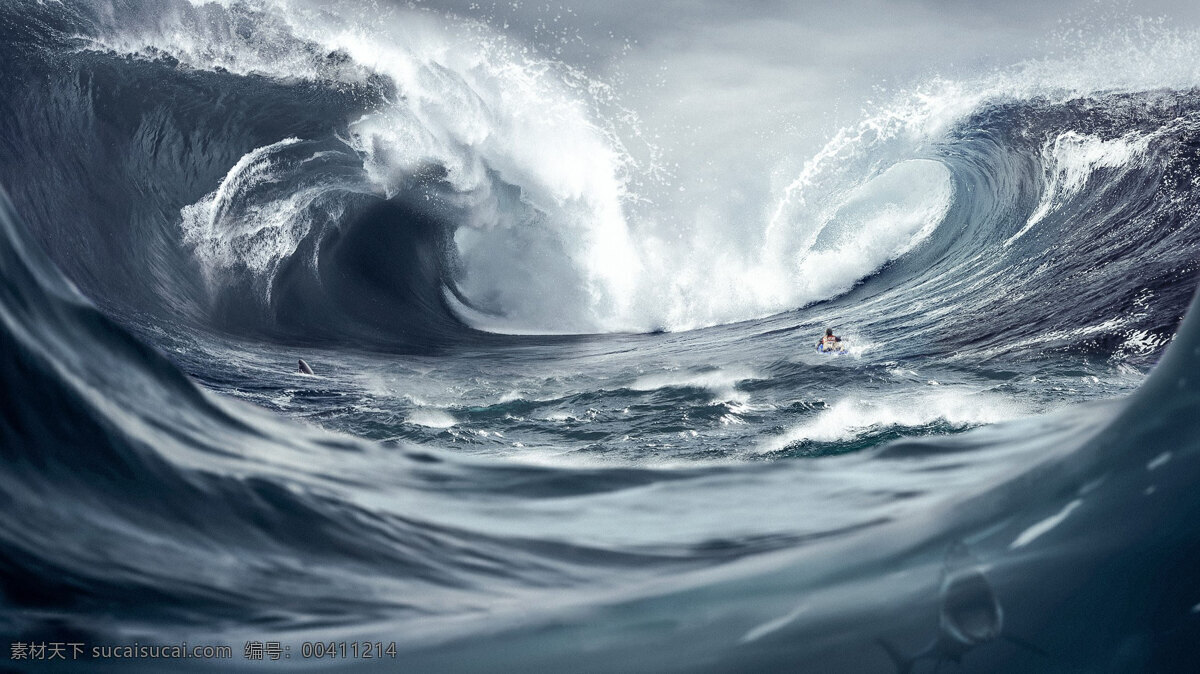冲浪 海啸 大海 龙卷风 汪洋大海 自然景观 科技动漫 动漫动画 风景漫画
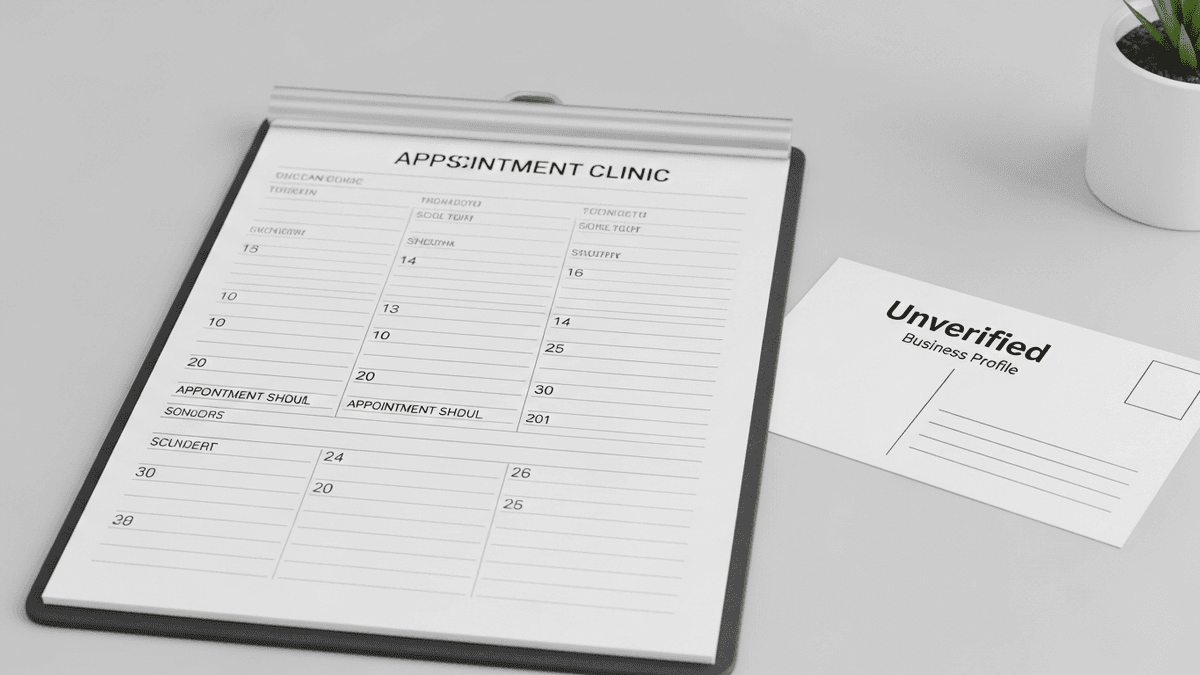 Unverified business profile postcard beside full appointment schedule on a physician clinic desk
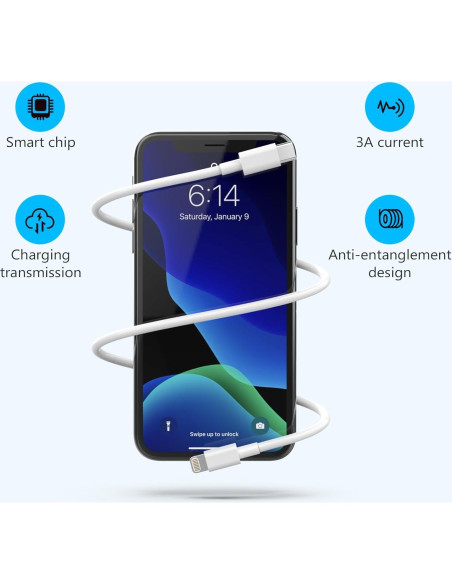 Cable USB C a Lightning 5 Pack 1.83m iGENJUN Carga Rápida MFi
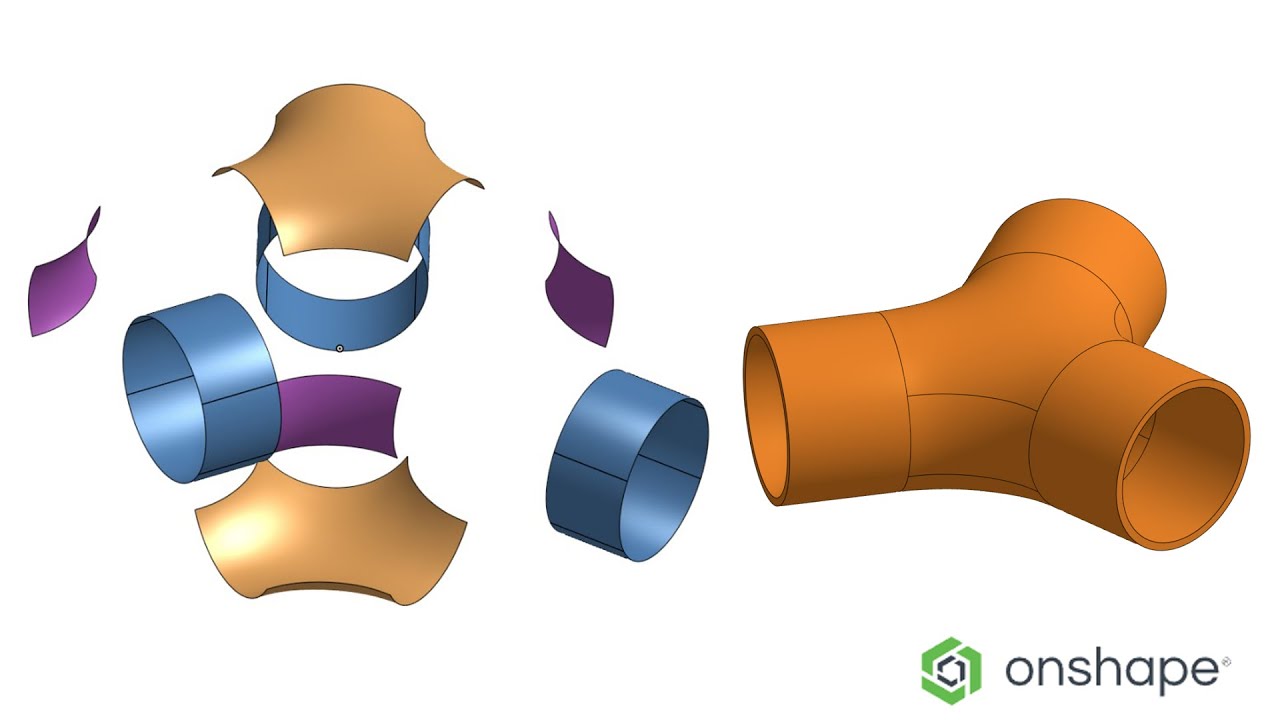 Modeling a Three-Way Pipe Joint with Surface Tools (Extrude, Split, Loft and Fill) in Onshape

_What the task asks_. Could you repeat the data exactly, omitting its pictures?

_Response box_.
冲浪 海啸 大海 龙卷风 汪洋大海 自然景观 科技动漫 动漫动画 风景漫画
 Unverified business profile postcard beside full appointment schedule on a physician clinic desk
 Cable USB C a Lightning 5 Pack 1.83m iGENJUN Carga Rápida MFi
 Modeling a Three-Way Pipe Joint with Surface Tools (Extrude, Split, Loft and Fill) in Onshape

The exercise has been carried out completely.